The rules change when you are cross-examining the other side’s witnesses.  Now you are allowed to use leading questions.  Because now things are adversarial.  You are allowed to confront the witness to bring out the truth. 

The person who first taught me how to ask effective leading questions was Fred Goodman of the Defender Association of Philadelphia. You decide what you want the story to be.  Then you start to tell it, using short, declarative sentences that focus, at least initially, on areas in which the witness will agree with you.

Q:        You went to the store
A:         Yes.
Q:        You went there by yourself.
A:         Yes.
Q:        The only person in the store when you arrived was the cashier.
A:         Yes. 

Once you have exhausted the areas of agreement, you begin to probe areas of potential disagreement.  If you have used a rhythm and cadence that has rewarded the witness for cooperating with you, the witness might continue to agree. You continue to keep your questions narrow so that you can limit damage when the disagreements begin to come and when/if they do, you probe the areas of disagreement gently, hoping to narrow or elucidate them.  Assuming you have done your homework, you can also begin to push back with impeachment.  There is nothing more gratifying than a well-developed and executed impeachment trap.  As for all other areas of disagreement, you generally leave them alone.  You do not want to force the witness to dig in his/her heels on bad facts or to accentuate them to the judge or jury.  The tactic of repeating the bad facts with a tone dripping with sarcasm – as Adnan Syed’s criminal defense attorney did at his trial – may make for good theater but it is rarely effective.

If that is the basic difference between leading and non-leading questions, things are rarely that clear cut. In fact, an unlikely but theoretically possible objection to my very first question —  “What is your name?” – is that, to the extent the person might not have a name, the questioner might be leading the witness to an answer for which there is no foundation.  In that case, the appropriate question in that case would be:  “Do you have name?”  Followed by: “If so, what is it?”

There are other nuances.  There was an Assistant District Attorney in Philadelphia who used to complain when someone objected to one of her questions as leading.  “Your Honor,” she huffed.  “A question that begins with ‘who,’ ‘what,’ ‘where,’ ‘how’ or ‘why’ cannot, by definition be leading.”  This was right after she asked a police officer something along the lines of “Where did you find the five red ziplock bags of crack cocaine?” when the officer had not yet said anything about five red ziplock bags of crack cocaine. 

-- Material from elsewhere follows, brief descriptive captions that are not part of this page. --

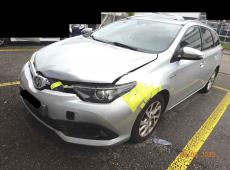 TOYOTA Auris TS 1.8 HSD Active ID 442860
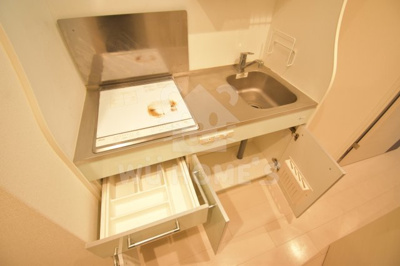 【その他】 | APRILE南森町 | コンパクトなキッチンで掃除もラクラク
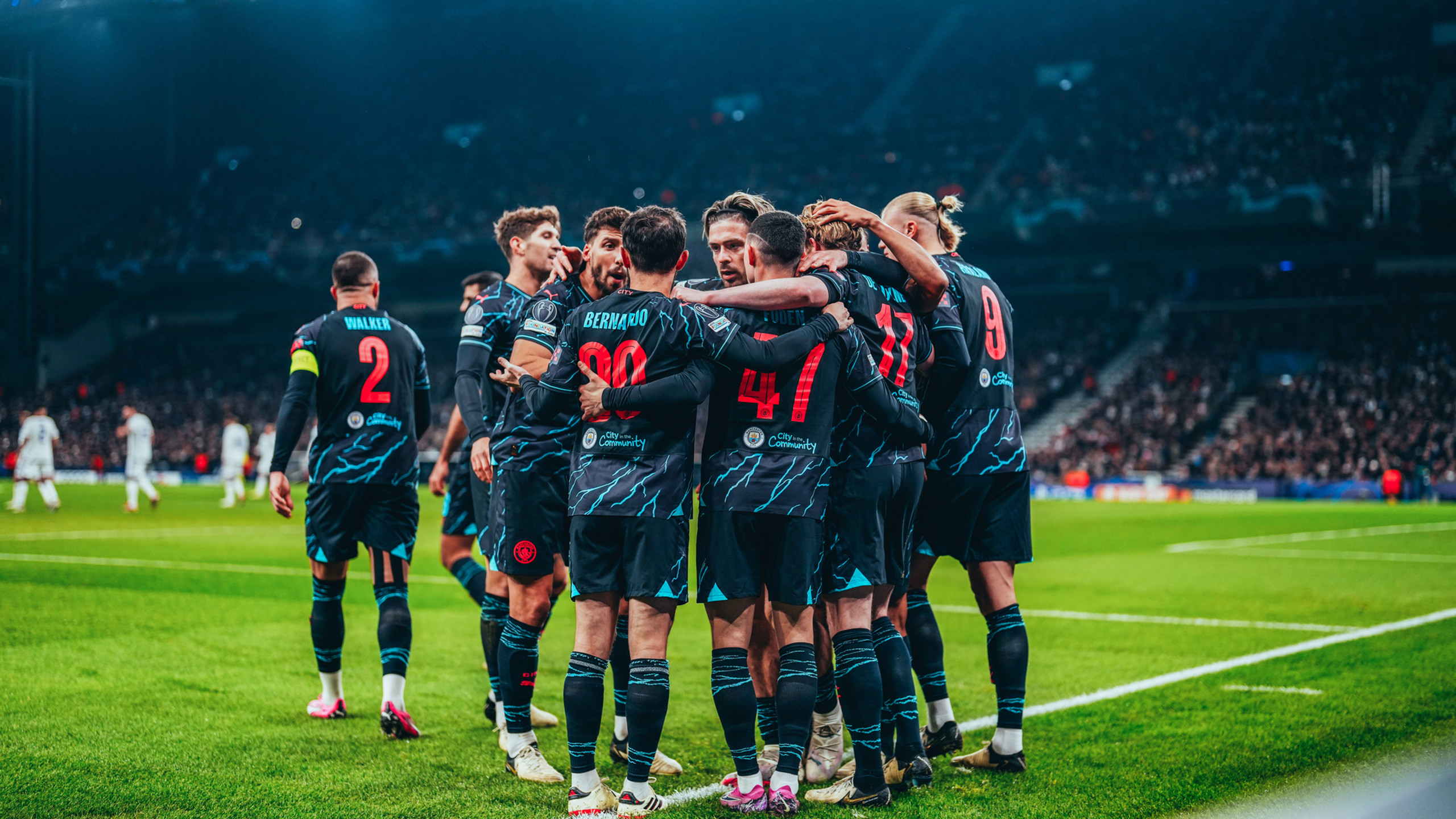 GROUP HUG: KDB feels the love!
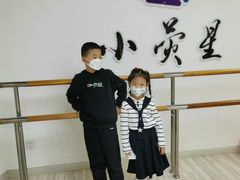 -小荧星艺校(浦东中环分校)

Conversely, questions that elicit “yes” or “no” answers are not necessarily leading, as is sometimes argued.  “Did you see anything?” is not leading.  “Did you see a dog in the window?” could be, depending on the context. 

As it is, most questions fall somewhere in between “What happened next?” and “You next went into the store, didn’t you?”  For example, “Where did you go next” is more specific than “What happened next?” because it limits the response to the witness’ movements as opposed to what he/she thought, smelled, heard, or felt.  But unlike “You next went into the store, didn’t you?,” it does not point the witness to any particular place. 

In other words, there is never a simple answer for anything when it comes to the law.  That is what keeps things interesting.